Task directions: What appears from the first line of the data below through the line containing "Platinum Racing Products", both included, should be copied exactly, and nothing else.

Crawled caption data
---------------

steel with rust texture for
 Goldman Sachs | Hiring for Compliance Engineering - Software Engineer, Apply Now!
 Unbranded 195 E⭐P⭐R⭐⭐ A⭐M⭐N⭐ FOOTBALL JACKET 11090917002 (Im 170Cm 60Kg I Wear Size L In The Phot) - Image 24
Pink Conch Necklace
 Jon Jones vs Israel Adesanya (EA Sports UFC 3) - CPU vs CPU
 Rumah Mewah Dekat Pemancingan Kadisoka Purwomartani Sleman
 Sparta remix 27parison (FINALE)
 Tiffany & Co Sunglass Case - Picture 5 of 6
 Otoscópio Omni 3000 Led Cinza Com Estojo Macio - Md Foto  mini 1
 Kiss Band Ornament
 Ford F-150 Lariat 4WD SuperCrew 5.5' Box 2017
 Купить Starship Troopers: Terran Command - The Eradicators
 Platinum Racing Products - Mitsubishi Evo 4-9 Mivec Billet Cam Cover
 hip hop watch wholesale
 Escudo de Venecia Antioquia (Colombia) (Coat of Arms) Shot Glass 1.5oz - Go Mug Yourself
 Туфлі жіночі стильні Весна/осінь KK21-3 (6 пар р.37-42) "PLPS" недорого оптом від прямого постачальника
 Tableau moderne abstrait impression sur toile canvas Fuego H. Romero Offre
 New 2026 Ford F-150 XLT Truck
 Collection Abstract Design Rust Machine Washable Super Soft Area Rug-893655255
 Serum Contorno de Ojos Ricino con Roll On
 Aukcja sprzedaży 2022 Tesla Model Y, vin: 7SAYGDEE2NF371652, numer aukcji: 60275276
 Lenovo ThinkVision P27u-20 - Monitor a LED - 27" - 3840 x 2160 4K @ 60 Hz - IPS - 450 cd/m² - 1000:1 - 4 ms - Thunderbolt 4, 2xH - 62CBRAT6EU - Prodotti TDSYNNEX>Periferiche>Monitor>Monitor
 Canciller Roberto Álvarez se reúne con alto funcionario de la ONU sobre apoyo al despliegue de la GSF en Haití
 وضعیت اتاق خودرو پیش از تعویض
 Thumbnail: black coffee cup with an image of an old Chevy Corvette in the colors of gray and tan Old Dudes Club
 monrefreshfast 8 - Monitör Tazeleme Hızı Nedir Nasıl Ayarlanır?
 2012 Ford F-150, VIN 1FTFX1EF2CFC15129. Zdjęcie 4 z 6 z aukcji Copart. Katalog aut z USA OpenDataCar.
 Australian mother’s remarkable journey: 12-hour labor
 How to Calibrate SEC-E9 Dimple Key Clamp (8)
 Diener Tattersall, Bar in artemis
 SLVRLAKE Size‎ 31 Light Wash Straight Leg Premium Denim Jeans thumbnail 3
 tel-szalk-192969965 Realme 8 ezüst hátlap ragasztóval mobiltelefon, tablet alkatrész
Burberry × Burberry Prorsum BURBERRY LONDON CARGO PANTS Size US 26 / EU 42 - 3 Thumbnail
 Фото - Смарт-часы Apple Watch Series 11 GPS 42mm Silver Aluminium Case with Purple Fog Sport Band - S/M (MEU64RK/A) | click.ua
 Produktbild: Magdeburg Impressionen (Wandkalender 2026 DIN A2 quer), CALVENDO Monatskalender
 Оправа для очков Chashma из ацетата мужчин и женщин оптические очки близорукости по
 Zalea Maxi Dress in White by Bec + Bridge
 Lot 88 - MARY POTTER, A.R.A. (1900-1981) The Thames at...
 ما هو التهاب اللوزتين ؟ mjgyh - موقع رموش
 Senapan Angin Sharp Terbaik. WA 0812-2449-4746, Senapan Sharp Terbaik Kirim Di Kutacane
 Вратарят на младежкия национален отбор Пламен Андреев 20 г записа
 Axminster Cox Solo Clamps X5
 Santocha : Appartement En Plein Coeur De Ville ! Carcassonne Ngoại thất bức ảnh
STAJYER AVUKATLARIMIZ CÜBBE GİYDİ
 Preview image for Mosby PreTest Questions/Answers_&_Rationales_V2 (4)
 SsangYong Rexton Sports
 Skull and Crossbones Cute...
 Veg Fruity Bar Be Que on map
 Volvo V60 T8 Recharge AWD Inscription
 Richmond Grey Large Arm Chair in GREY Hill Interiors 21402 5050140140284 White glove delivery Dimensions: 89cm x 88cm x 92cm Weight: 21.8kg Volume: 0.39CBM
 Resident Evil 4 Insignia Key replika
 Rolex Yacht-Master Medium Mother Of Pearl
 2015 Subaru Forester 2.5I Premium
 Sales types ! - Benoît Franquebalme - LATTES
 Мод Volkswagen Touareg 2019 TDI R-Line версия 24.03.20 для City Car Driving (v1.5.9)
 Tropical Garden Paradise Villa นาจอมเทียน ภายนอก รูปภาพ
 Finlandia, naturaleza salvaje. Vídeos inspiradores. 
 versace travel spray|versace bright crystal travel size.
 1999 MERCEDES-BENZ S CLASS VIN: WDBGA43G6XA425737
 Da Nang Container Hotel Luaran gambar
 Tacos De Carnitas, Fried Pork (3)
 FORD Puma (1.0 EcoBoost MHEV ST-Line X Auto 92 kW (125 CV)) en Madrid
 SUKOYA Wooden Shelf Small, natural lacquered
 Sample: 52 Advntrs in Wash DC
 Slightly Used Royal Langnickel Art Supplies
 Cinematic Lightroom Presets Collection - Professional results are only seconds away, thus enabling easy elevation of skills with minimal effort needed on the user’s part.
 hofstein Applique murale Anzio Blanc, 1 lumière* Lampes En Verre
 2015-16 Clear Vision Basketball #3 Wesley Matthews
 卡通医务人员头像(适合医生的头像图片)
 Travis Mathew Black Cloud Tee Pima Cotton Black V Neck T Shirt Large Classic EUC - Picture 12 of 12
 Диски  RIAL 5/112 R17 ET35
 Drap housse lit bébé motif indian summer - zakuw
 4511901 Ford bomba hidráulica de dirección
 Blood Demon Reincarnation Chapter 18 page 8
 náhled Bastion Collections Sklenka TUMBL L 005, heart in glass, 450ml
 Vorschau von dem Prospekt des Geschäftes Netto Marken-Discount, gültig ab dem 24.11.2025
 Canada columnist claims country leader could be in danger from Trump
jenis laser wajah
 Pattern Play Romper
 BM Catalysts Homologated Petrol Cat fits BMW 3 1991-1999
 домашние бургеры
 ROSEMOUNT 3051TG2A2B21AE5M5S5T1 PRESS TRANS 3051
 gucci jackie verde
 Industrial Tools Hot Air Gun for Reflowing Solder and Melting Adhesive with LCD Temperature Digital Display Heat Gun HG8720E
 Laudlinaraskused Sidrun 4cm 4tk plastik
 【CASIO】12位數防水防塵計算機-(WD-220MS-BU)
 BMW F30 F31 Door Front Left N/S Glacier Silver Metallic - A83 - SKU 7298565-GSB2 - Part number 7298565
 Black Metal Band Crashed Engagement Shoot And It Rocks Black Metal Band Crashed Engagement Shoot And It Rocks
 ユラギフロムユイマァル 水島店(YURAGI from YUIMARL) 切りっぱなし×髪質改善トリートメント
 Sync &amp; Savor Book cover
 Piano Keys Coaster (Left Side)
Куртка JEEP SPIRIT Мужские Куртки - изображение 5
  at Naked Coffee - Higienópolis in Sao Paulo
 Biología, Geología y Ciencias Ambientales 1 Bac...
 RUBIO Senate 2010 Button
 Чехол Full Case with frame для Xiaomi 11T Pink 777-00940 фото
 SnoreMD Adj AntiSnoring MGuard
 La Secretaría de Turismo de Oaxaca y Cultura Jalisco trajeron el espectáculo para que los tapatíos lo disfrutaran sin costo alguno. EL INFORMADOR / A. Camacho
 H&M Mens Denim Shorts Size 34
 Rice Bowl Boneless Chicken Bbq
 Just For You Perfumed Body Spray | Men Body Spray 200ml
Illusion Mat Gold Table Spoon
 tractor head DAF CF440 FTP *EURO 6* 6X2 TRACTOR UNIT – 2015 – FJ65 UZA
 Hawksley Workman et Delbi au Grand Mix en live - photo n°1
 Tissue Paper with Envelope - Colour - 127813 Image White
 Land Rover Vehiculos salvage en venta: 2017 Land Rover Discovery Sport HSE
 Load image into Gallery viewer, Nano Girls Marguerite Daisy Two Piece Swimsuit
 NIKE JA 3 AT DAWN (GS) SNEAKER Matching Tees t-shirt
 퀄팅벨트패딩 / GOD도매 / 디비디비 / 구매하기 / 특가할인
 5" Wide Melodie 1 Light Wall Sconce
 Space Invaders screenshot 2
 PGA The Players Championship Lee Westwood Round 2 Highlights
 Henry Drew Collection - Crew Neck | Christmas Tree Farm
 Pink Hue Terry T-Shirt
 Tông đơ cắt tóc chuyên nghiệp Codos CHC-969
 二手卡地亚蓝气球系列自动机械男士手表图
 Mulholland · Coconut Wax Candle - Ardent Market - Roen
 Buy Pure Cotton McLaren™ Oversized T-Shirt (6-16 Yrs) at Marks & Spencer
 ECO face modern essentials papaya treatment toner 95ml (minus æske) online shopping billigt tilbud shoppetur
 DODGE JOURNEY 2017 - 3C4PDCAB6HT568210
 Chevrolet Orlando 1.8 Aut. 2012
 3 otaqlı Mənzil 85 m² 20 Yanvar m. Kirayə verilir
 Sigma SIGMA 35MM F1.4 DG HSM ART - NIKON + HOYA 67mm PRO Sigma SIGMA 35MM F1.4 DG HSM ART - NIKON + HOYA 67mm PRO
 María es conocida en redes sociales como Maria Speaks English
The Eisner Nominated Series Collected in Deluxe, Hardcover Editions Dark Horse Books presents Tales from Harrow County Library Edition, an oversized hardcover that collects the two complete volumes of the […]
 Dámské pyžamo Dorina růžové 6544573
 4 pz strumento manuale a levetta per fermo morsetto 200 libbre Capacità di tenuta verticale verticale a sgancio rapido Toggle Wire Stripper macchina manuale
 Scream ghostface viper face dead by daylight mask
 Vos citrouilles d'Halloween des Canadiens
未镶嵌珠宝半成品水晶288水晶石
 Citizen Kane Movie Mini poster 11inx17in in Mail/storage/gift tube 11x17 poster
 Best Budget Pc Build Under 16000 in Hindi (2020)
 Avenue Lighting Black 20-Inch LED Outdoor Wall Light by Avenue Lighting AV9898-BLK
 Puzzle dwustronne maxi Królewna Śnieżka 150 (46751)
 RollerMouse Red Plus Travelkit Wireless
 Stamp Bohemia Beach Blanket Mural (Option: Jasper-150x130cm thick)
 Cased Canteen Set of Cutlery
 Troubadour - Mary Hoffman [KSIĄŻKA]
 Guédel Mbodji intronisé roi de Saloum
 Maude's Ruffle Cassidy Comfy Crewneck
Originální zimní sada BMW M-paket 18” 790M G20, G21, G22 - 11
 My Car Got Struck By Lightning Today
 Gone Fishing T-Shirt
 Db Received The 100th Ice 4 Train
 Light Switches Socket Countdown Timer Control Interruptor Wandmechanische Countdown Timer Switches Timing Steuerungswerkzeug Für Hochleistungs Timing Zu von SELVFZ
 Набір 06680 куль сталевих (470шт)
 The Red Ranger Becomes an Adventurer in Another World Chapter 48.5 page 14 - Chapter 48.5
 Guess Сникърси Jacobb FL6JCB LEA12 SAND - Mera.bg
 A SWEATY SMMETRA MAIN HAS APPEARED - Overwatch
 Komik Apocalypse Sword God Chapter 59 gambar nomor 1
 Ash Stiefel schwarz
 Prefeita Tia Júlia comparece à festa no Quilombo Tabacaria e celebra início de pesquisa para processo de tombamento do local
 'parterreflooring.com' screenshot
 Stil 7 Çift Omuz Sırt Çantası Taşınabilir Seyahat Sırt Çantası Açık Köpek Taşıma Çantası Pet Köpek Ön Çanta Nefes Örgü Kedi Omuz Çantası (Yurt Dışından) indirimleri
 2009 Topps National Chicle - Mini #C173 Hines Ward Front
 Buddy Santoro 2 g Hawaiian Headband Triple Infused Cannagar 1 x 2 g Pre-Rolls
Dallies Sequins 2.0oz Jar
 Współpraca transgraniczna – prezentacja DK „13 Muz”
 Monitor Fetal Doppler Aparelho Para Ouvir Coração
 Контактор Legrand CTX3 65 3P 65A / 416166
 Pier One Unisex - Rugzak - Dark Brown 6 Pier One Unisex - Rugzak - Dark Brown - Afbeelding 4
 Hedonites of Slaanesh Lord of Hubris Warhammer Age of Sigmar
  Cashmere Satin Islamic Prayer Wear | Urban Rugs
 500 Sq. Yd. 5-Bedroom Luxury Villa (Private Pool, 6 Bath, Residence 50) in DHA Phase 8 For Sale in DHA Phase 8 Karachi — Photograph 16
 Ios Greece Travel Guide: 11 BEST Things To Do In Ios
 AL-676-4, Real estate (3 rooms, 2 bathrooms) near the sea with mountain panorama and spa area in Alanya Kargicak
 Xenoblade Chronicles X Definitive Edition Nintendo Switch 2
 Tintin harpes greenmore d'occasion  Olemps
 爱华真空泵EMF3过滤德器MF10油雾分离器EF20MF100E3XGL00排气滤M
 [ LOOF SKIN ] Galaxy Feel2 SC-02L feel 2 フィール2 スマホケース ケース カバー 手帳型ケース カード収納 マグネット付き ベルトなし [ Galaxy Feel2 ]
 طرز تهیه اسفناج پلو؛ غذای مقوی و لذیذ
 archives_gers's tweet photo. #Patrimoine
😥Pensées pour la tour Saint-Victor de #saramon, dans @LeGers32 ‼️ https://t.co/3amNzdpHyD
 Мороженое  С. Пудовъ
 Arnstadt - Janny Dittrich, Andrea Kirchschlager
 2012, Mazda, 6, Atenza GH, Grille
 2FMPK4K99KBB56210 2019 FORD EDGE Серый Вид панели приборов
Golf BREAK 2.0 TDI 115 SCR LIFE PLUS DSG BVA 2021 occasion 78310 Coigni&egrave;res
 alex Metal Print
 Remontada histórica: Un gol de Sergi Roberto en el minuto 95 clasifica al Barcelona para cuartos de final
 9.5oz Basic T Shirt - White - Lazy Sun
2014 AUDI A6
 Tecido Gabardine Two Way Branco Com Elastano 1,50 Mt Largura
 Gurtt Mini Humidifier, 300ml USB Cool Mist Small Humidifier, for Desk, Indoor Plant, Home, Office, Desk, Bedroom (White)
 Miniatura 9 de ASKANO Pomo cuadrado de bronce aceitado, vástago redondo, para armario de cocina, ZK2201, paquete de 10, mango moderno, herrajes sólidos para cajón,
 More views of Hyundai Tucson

---------------

Exercise response:
steel with rust texture for
 Goldman Sachs | Hiring for Compliance Engineering - Software Engineer, Apply Now!
 Unbranded 195 E⭐P⭐R⭐⭐ A⭐M⭐N⭐ FOOTBALL JACKET 11090917002 (Im 170Cm 60Kg I Wear Size L In The Phot) - Image 24
Pink Conch Necklace
 Jon Jones vs Israel Adesanya (EA Sports UFC 3) - CPU vs CPU
 Rumah Mewah Dekat Pemancingan Kadisoka Purwomartani Sleman
 Sparta remix 27parison (FINALE)
 Tiffany & Co Sunglass Case - Picture 5 of 6
 Otoscópio Omni 3000 Led Cinza Com Estojo Macio - Md Foto  mini 1
 Kiss Band Ornament
 Ford F-150 Lariat 4WD SuperCrew 5.5' Box 2017
 Купить Starship Troopers: Terran Command - The Eradicators
 Platinum Racing Products - Mitsubishi Evo 4-9 Mivec Billet Cam Cover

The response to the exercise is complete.